# Data Cleaning Notebook

## Objectives

*   Evaluate missing data
*   Clean data

## Inputs

* outputs/datasets/collection/TelcoCustomerChurn.csv

## Outputs

* Generate cleaned Train and Test sets, both saved under outputs/datasets/cleaned

## Additional Comments | Insights | Conclusions

 

  * Drop Variables:  `['customerID', 'TotalCharges' ]`



---


# Install Packages

In [None]:
! pip install pandas-profiling==2.11.0
! pip install feature-engine==1.0.2
! pip install ppscore==1.2.0

# Code for restarting the runtime, that will restart colab session
# It is a good practice after you install a package in a colab session
import os
os.kill(os.getpid(), 9)

# Setup GPU

* Go to Edit → Notebook Settings
* In the Hardware accelerator menu, selects GPU
* note: when you select an option, either GPU, TPU or None, you switch among kernels/sessions

---
* How to know if I am using the GPU?
  * run the code below, if the output is different than '0' or null/nothing, you are using GPU in this session


In [None]:
import tensorflow as tf
tf.test.gpu_device_name()

# **Connection between: Colab Session and your GitHub Repo**

### Insert your **credentials**

* The variable's content will exist only while the session exists. Once this session terminates, the variable's content will be erased permanently.

In [None]:
from getpass import getpass
import os
from IPython.display import clear_output 

print("=== Insert your credentials === \nType in and hit Enter")
os.environ['UserName'] = getpass('GitHub User Name: ')
os.environ['UserEmail'] = getpass('GitHub User E-mail: ')
os.environ['RepoName'] = getpass('GitHub Repository Name: ')
os.environ['UserPwd'] = getpass('GitHub Account Token: ')
clear_output()
print("* Thanks for inserting your credentials!")
print(f"* You may now Clone your Repo to this Session, "
      f"then Connect this Session to your Repo.")

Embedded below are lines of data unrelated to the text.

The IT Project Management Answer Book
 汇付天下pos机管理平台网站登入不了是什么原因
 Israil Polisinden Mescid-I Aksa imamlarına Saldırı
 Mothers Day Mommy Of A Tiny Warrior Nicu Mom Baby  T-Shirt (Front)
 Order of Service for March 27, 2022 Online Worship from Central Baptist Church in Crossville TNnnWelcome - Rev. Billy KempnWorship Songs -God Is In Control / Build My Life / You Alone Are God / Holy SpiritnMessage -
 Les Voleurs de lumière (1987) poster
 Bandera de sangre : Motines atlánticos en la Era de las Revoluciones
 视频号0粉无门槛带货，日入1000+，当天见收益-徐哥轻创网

* **Credentials format disclaimer**: when opening Jupyter notebooks in Colab that are hosted at GitHub, we ask you to not consider special characters in your **password**, like @ ! " # $ % & ' ( ) * + , - . / :;< = > ? @ [\ ]^_ ` { } | ~
  * Otherwise it will not work properly the git push command, since the credentials are concatenated in the command: username:password@github.com/username/repo , the git push command will not work properly when these terms have special characters 

---

### **Clone** your GitHub Repo to your current Colab session

* So you can have access to your project's files

In [None]:
! git clone https://github.com/{os.environ['UserName']}/{os.environ['RepoName']}.git
! rm -rf sample_data   # remove content/sample_data folder, since we dont need it for this project

import os
if os.path.isdir(os.environ['RepoName']):
  print("\n")
  %cd /content/{os.environ['RepoName']}
  print(f"\n\n* Current session directory is:{os.getcwd()}")
  print(f"* You may refresh the session folder to access {os.environ['RepoName']} folder.")
else:
  print(f"\n* The Repo {os.environ['UserName']}/{os.environ['RepoName']} was not cloned."
        f" Please check your Credentials: UserName and RepoName")

---

### **Connect** this Colab session to your GitHub Repo

* So if you need, you can push files generated in this session to your Repo.

In [None]:
! git config --global user.email {os.environ['UserEmail']}
! git config --global user.name {os.environ['UserName']}
! git remote rm origin
! git remote add origin https://{os.environ['UserName']}:{os.environ['UserPwd']}@github.com/{os.environ['UserName']}/{os.environ['RepoName']}.git

# the logic is: create a temporary file in the sessions, update the repo. Delete this file, update the repo
# If it works, it is a sign that the session is connected to the repo.
import uuid
file_name = "session_connection_test_" + str(uuid.uuid4()) # generates a unique file name
with open(f"{file_name}.txt", "w") as file: file.write("text")
print("=== Testing Session Connectivity to the Repo === \n")
! git add . ; ! git commit -m {file_name + "_added_file"} ; ! git push origin main 
print("\n\n")
os.remove(f"{file_name}.txt")
! git add . ; ! git commit -m {file_name + "_removed_file"}; ! git push origin main

# delete your Credentials (username and password)
os.environ['UserName'] = os.environ['UserPwd'] = os.environ['UserEmail'] = ""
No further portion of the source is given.